> Exercise directions: Could you retype the lines below, starting at the line holding "5 Gruchy Avenue, Chelsea Heights VIC 3196" and stopping at the line holding "Used 2023 GMC", inclusive? Copy them exactly and drop the images.

> Record set:

BEGIN

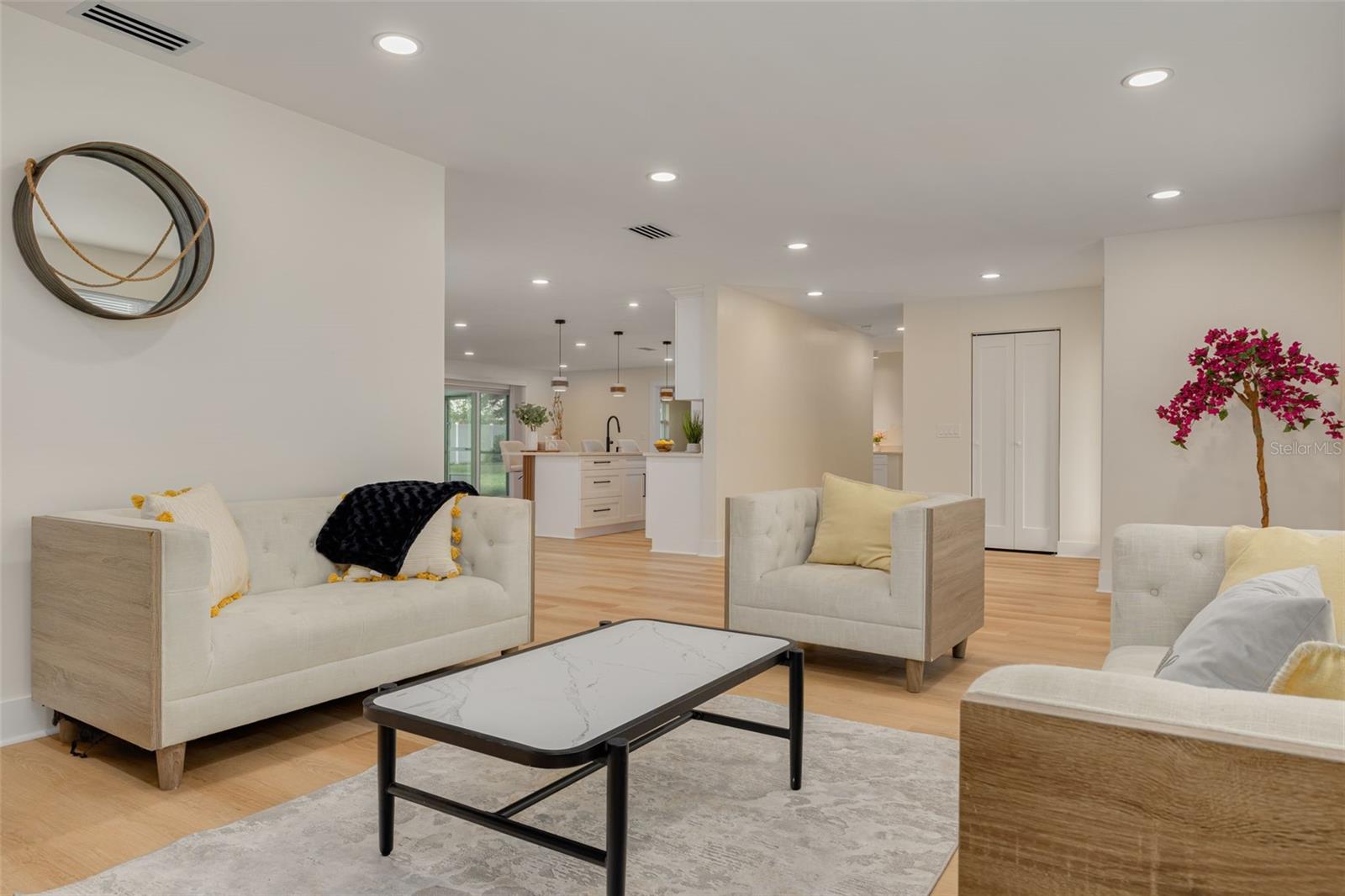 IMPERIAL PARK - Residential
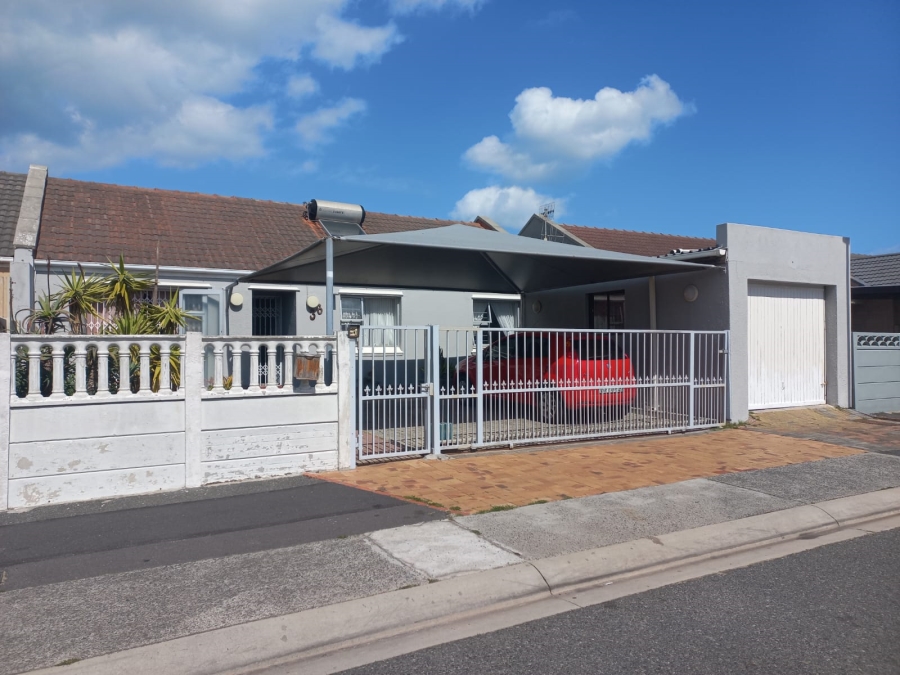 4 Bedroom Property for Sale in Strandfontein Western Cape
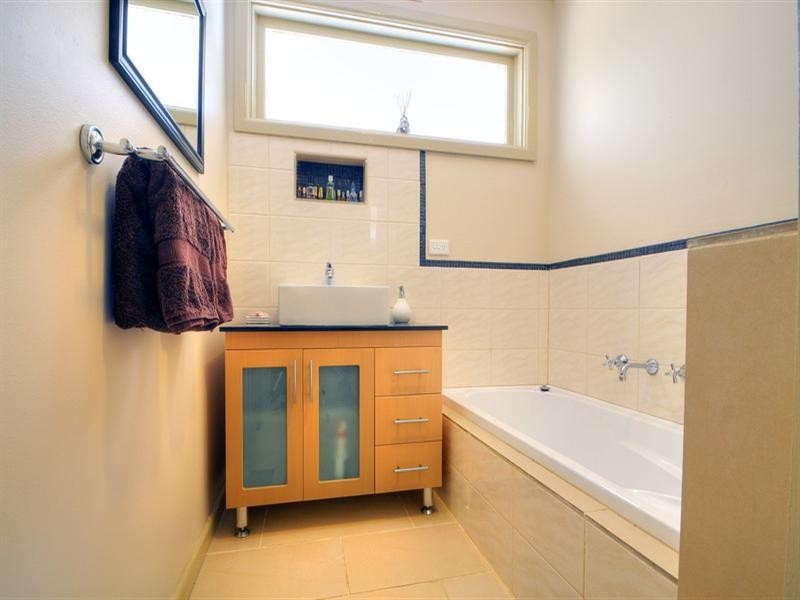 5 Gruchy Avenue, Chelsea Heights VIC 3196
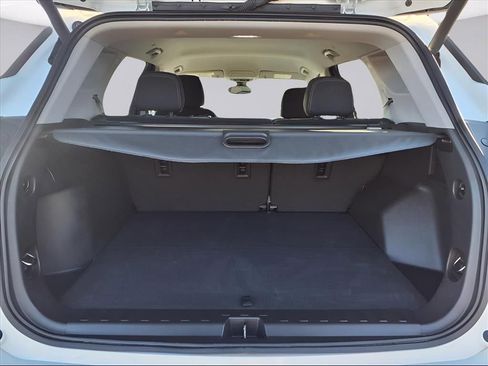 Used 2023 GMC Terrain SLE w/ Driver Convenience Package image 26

END
BEGIN

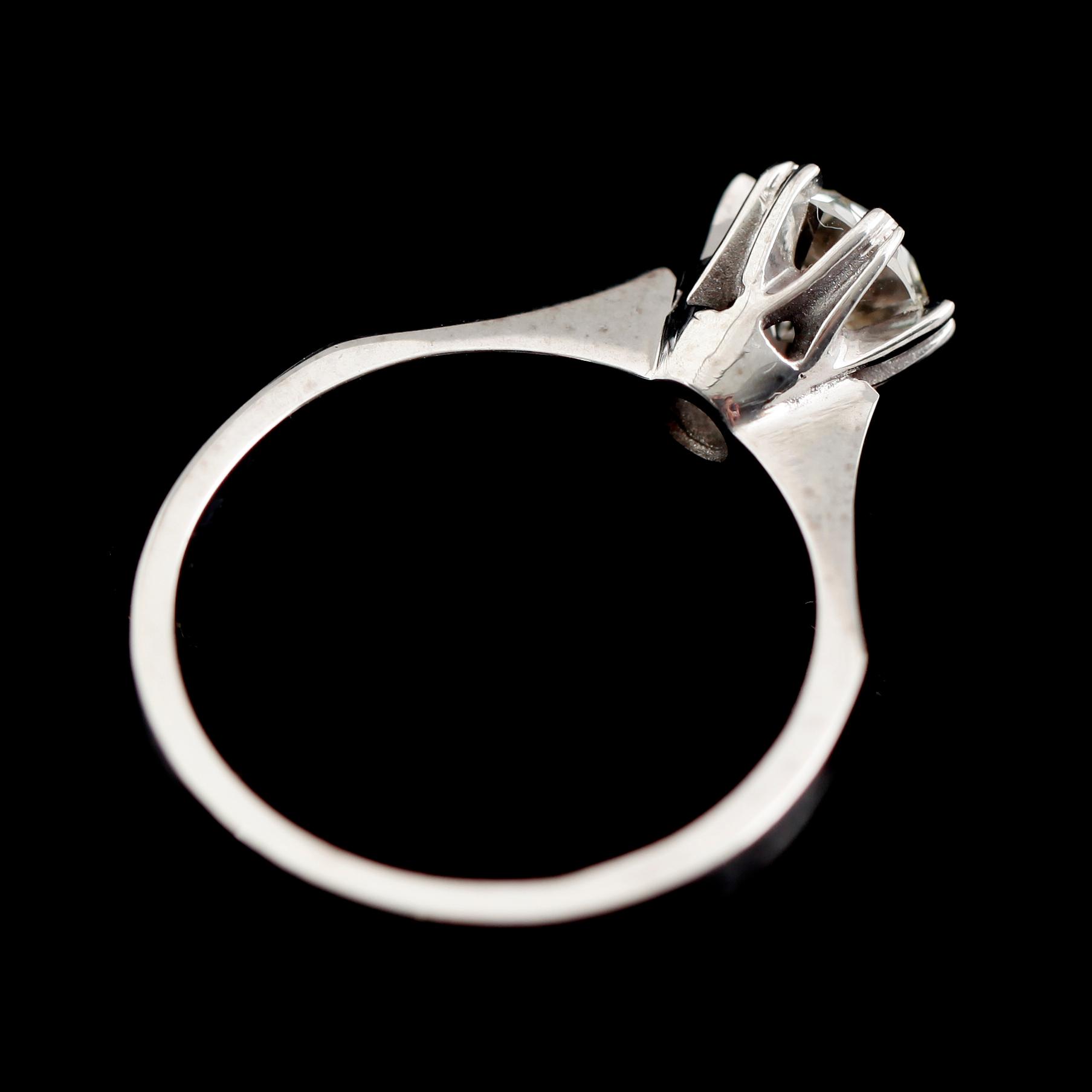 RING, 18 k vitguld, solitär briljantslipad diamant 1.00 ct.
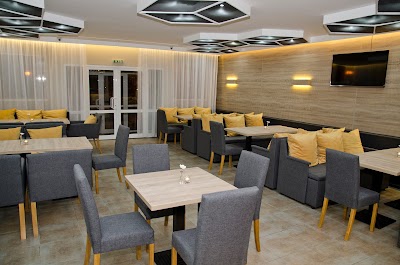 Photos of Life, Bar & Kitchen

END

> Written answer:
 5 Gruchy Avenue, Chelsea Heights VIC 3196
 Used 2023 GMC Terrain SLE w/ Driver Convenience Package image 26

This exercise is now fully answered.